Un’analisi sociologica vede il vino come sistema di segni che produce molteplici significati. Un oggetto votivo davanti al quale raccogliersi religiosamente. L’apparente imprevedibilità di una platea di consumatori, diventata nel tempo più ampia.
L’articolo fa parte della Monografia Cinquant’anni di storia del vino (Civiltà del bere 1/2024)
Per uno strano preconcetto culturale, siamo abituati a pensare che le leggi della natura siano più oscure di quelle dello spirito.
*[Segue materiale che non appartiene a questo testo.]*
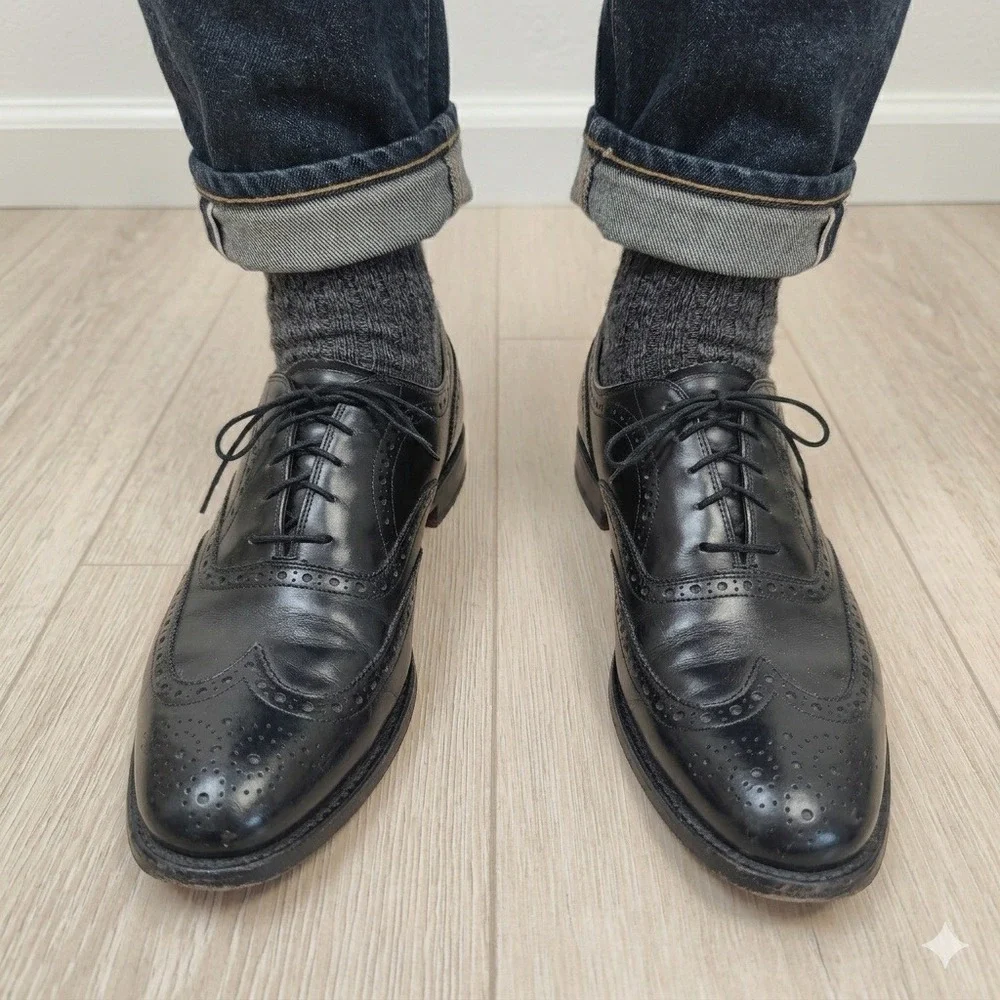 Johnston & Murphy Aristocraft Mens‎ Shoes 11 Black Wingtip Oxford Brogue Leather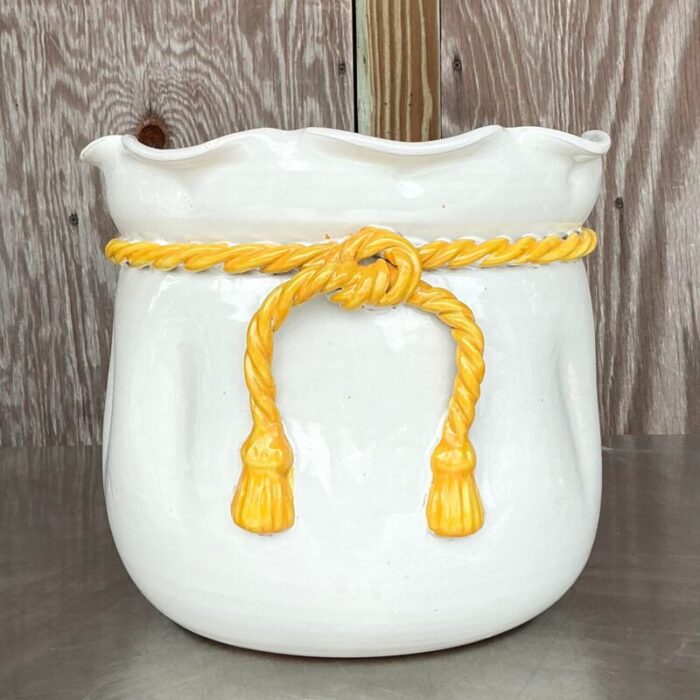 vintage italian glazed ceramic rope cachepot 4425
Invece, è vero il contrario: la natura può essere imbrigliata in protocolli di conoscenza che via via si perfezionano, fino a diventare un sapere acquisito e dominabile, mentre lo spirito umano è puro cambiamento, novitas.
Ecco perché le forme del consumo appaiono idiosincratiche e in balia degli animal spirits dei consumatori, espressione usata spesso per cogliere e stigmatizzare la doppia tendenza del consumo ad essere (apparentemente) irrazionale e imprevedibile. Non deve quindi sorprendere il dato che a fronte di una crescente profusione di parole, immagini, libri, articoli, pubblicità, saperi, eventi dedicati al vino, il consumo di questo genere voluttuario sia in flessione.